A verbatim copy of all the data is required, minus any images.

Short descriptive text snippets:
# # # #
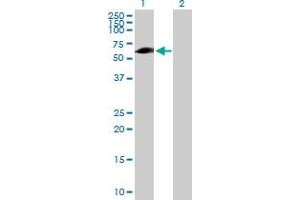 Western Blot analysis of EVC expression in transfected 293T cell line by EVC MaxPab polyclonal antibody. (EVC antibody  (AA 1-535))
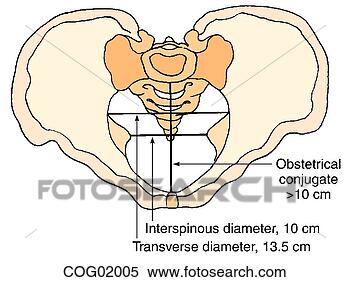 Arquivos de Ilustração - pélvico,  diameters. 
fotosearch - busca 
de ilustrações 
clipeart e desenhos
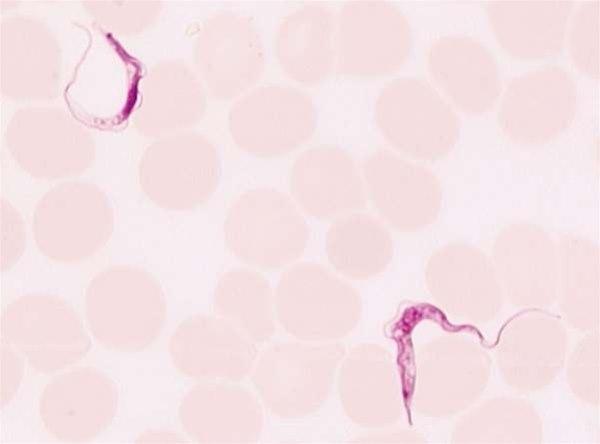 Trypanosoma parasitt. Blodutstryk fra en pasient med Trypanosomiasis brucei rhodesiense
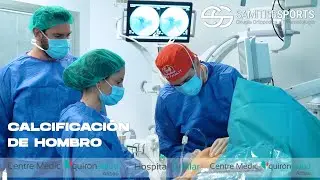 CALCIFICACIONES DE HOMBRO (Calcifying tendinitis)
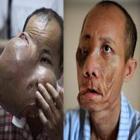 chines_tem_tumor_do_tamanho_de_bola_de_futebol_retirado_do_rosto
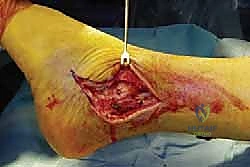 Transfibular Ankle Arthrodesis: An Intraoperative Masterclass for End-Stage Arthritis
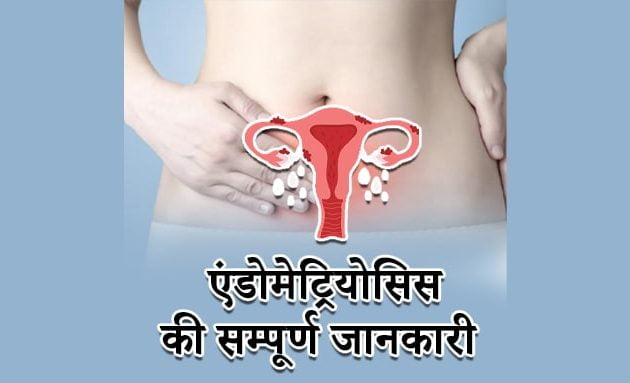 endometriosis full information, endometriosis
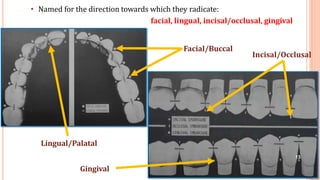 18
• Named for the direction towards which they radicate:
facial, lingual, incisal/occlusal, gingival
Facial/Buccal
Incisal/Occlusal
Lingual/Palatal
Gingival
13
 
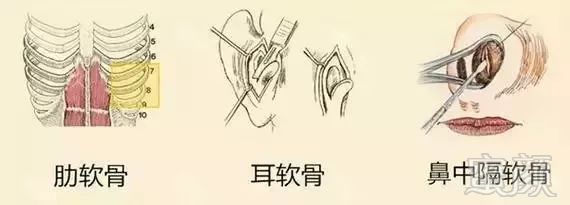 https://img.miyanlife.com/mnt/timg/171123/100FC4K-4.jpg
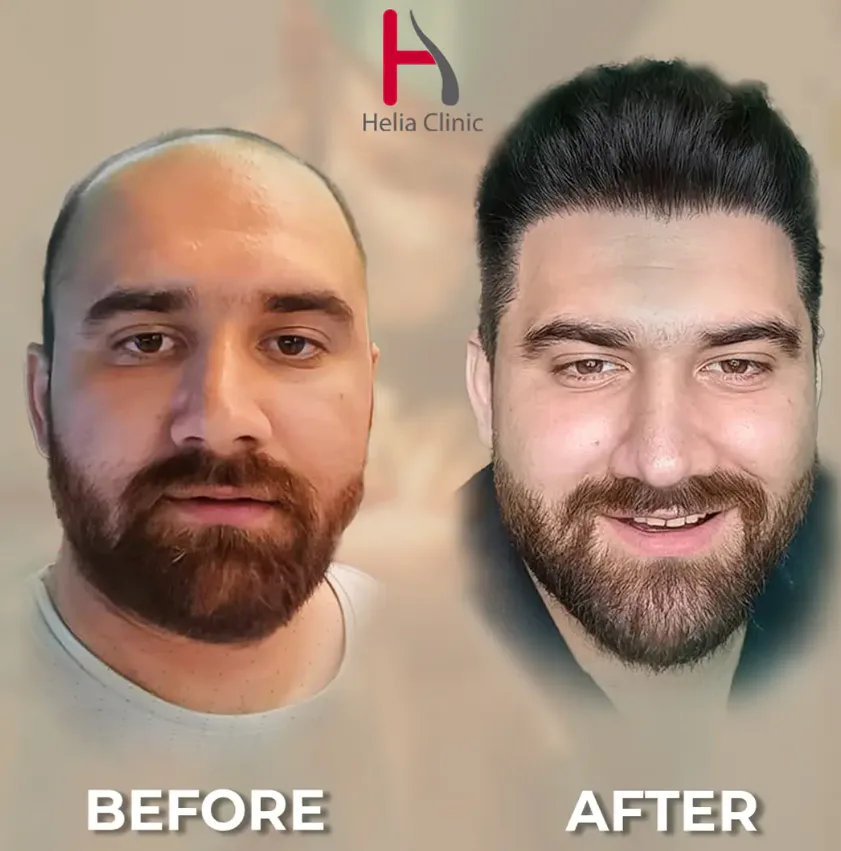 Before and after hair transplant results for a man at Helia Clinic, showing a transition from significant baldness to a full head of thick dark hair.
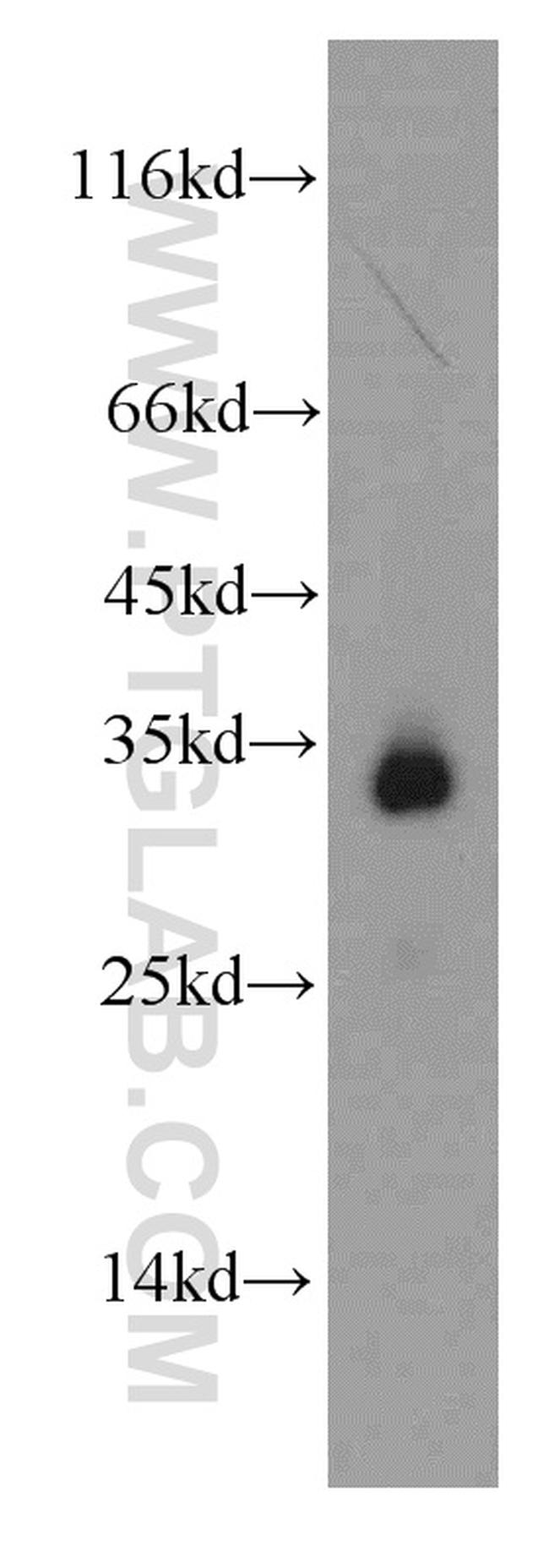 HADH Antibody in Western Blot (WB)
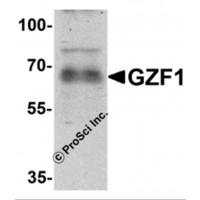 Western blot analysis of GZF1 in human heart tissue lysate with GZF1 antibody at 1 μg/mL.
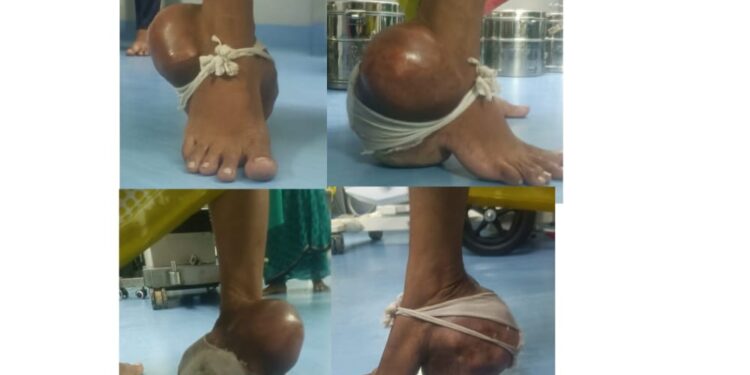 तब्बल चार वर्षानंतर महिला चालू लागली; कॅन्सरची गाठ काढून पाय केला बरा; गजानन लोकसेवा हॉस्पिटलमध्ये शस्त्रक्रिया यशस्वी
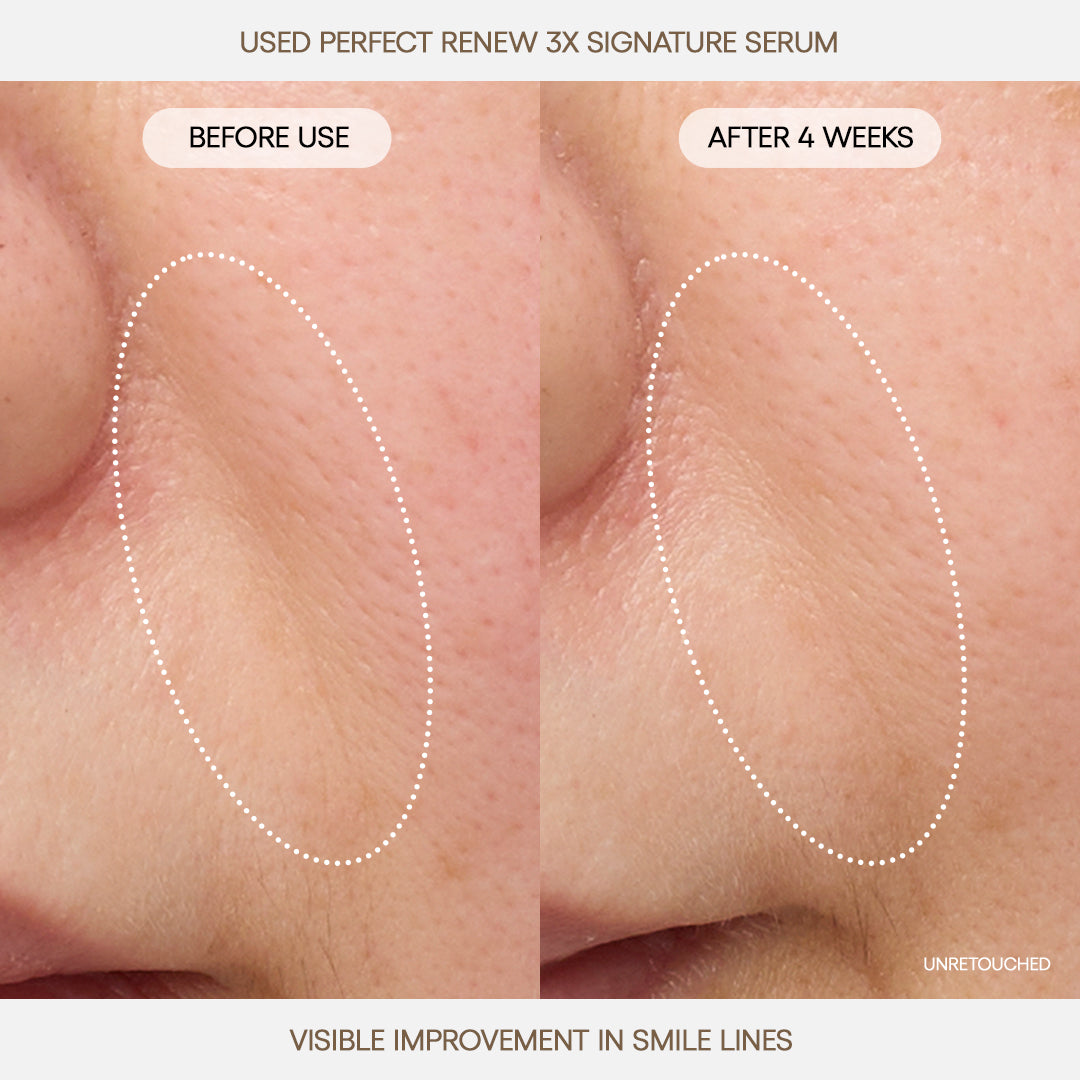 Perfect Renew 3X Signature Serum | Anti-Aging Serum for Wrinkles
# # # #
Exercise answer:
 Western Blot analysis of EVC expression in transfected 293T cell line by EVC MaxPab polyclonal antibody. (EVC antibody  (AA 1-535))
 Arquivos de Ilustração - pélvico,  diameters. 
fotosearch - busca 
de ilustrações 
clipeart e desenhos
 Trypanosoma parasitt. Blodutstryk fra en pasient med Trypanosomiasis brucei rhodesiense
 CALCIFICACIONES DE HOMBRO (Calcifying tendinitis)
 chines_tem_tumor_do_tamanho_de_bola_de_futebol_retirado_do_rosto
 Transfibular Ankle Arthrodesis: An Intraoperative Masterclass for End-Stage Arthritis
 endometriosis full information, endometriosis
 18
• Named for the direction towards which they radicate:
facial, lingual, incisal/occlusal, gingival
Facial/Buccal
Incisal/Occlusal
Lingual/Palatal
Gingival
13
 
 https://img.miyanlife.com/mnt/timg/171123/100FC4K-4.jpg
 Before and after hair transplant results for a man at Helia Clinic, showing a transition from significant baldness to a full head of thick dark hair.
 HADH Antibody in Western Blot (WB)
 Western blot analysis of GZF1 in human heart tissue lysate with GZF1 antibody at 1 μg/mL.
 तब्बल चार वर्षानंतर महिला चालू लागली; कॅन्सरची गाठ काढून पाय केला बरा; गजानन लोकसेवा हॉस्पिटलमध्ये शस्त्रक्रिया यशस्वी
 Perfect Renew 3X Signature Serum | Anti-Aging Serum for Wrinkles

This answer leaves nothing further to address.